De turbo en zijn relevante delen werden gewoon op de motor geschroefd. Een nieuw uitlaatsysteem werd gebouwd, de 4 in 1 uitlaatbochten kwamen uit in een Rajay-turbo die vlak achter de cilinderkop gemonteerd zat op de plaats waar normaliter de carburateurs zaten. Een regelklep in de wastegate zorgde ervoor dat de turbodruk instelbaar was. Een inlaatspruitstuk met een enkele 38mm-Bendix carburateur was voldoende om de verbrandingsgassen onder druk de cilinderkoppen in te jagen. De brandstofpomp die deze carburateur voedde nam de plaats in waar normaliter het boordgereedschap zat. Het setje werd daarom niet meegeleverd met de Z1R-TC. De regelklep op de wastegate van de turbo kon je eenvoudig zelf instellen met een schroevendraaier. Het resultaat kon je mooi aflezen op de drukmeter, die deel uitmaakte van de tellerpartij. Een schitterende en tegelijkertijd desastreuze mogelijkheid…

Explosief

Dat was het. Hiermee werd de koper dus losgelaten. Zijn belangrijkste hulpmiddel was toch echt het do’s & don’t-lijstje… Afgezien van de turbo en het nieuwe in- en uitlaatsysteem bleef het motorblok van de Z1R geheel standaard. Er kwamen twee TC (Turbo Charged) stickers op de zijdeksels en het gewicht steeg van 246 kg naar 254 kg. Belangrijker was de stijging van het motorvermogen. Met een medium turbodruk steeg het vermogen van 90 pk naar 130 pk @ 8.500 tpm. Inderdaad, een winst van 40 pk door een klein slagje met een schroevendraaier. Niet alleen was de stijging van het vermogen spectaculair, datzelfde gold ook voor het rijgedrag. Het frame kon de krachten werkelijk niet aan en bij echt sportief gebruik was de wegligging bloedlink. Tot een toerental van 4.000 – 4.500 tpm voelde de Z1R-TC nog aan als een standaard Z1R, daarboven brak de hel volledig los en werd het echt spannend. Het voelde aan alsof je werd gelanceerd, de naald van de toerenteller schoot als een komeet door naar het rode gebied. Maar dat brute motorvermogen had wel z’n prijs. En dat is nu net wat het rijden met de Z1R-TC zo heerlijk psychotisch maakt.
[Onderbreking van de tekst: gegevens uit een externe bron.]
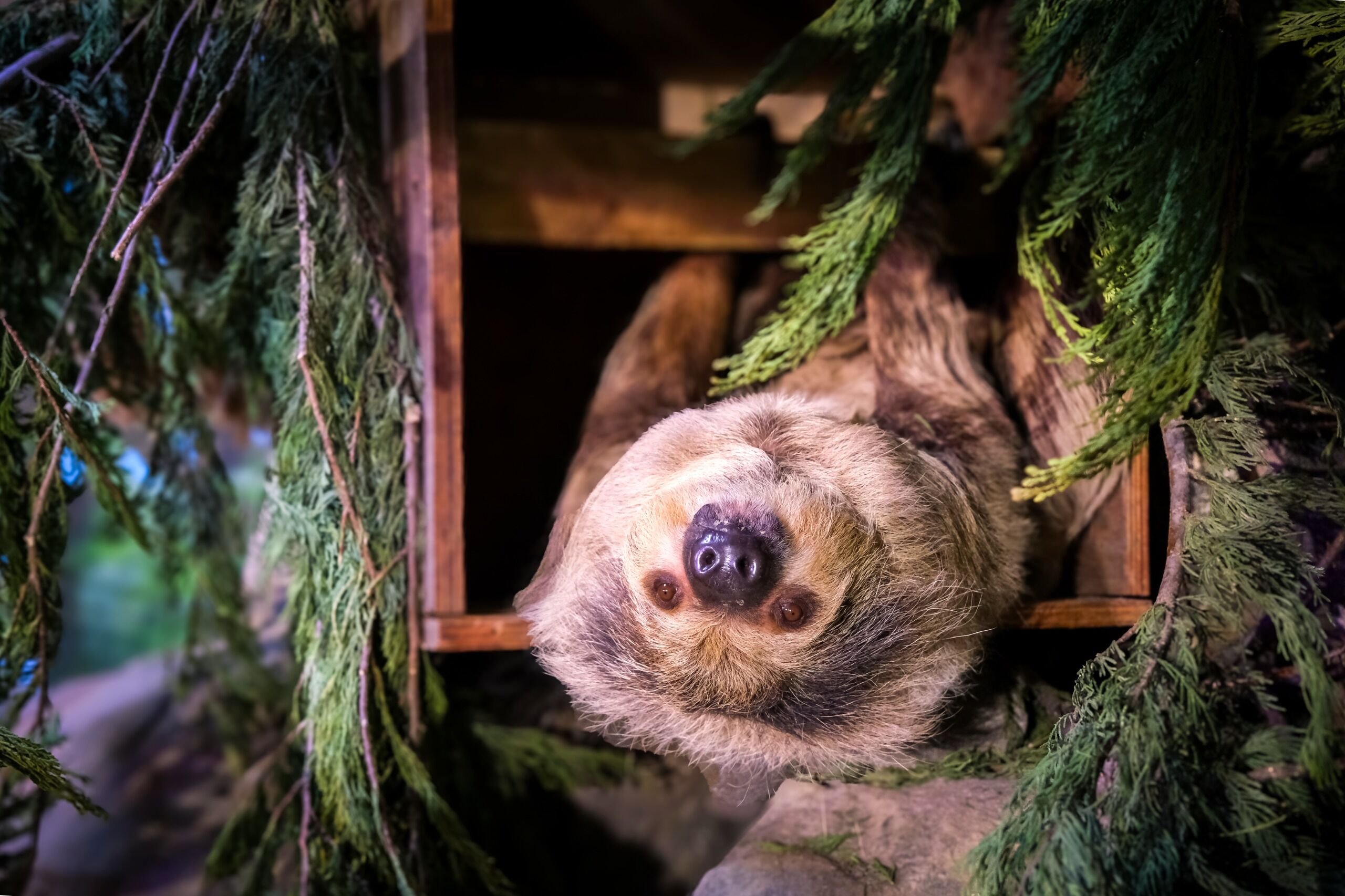 Eskişehir Hayvanat Bahçesi’ne 30 Yeni Tür Geldi (12)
Omdat het standaard motorblok nooit ontworpen was voor een dergelijke explosieve vermogensstijging is de kans op motorschade bij deze machine ontzettend groot. Je begrijpt al snel waarom Kawasaki je handtekening als vrijwaring nodig had voordat je de weg op ging. Voorbeelden? De turbodruk kon naar eigen inzicht ingesteld worden. Zat je iets te hoog, dan ging het heel erg snel bergafwaarts met de betrouwbaarheid. Binnen een paar honderd kilometer was de kans groot dat de zuigerveren braken en je zuigers simpelweg smolten in de cilinders door de enorme hitte die vrijkwam. Dodelijk was het als je misschakelde tijdens het accelereren, want kwam je iets te ver boven de 8.500 toeren dan was het afgelopen met de pret. De kans werd dan supergroot op zwevende kleppen, waar de zuigers vervolgens hard mee in aanraking kwamen met enorme motorschade als gevolg. Boven de 6.000 tpm schoot het motorvermogen vreselijk hard en explosief omhoog. Dat kwam mede door de turbo-lag, de beruchte vertraagde reactie van een turbo die even op snelheid moet komen voordat hij zijn echt goed werk doet. Dit effect wordt op de Z1R TC verhevigd door het feit dat de turbo op een volledig standaard motorblok gemonteerd was… Je moet echt ontzettend goed opletten als je met deze Kawasaki op stap gaat. Geloof het of niet, zwevende kleppen en smeltende zuigers waren stukken zeldzamer dan torderende krukassen en torderende drijfstangen. Dat merk je bijna altijd als het echt helemaal te laat is.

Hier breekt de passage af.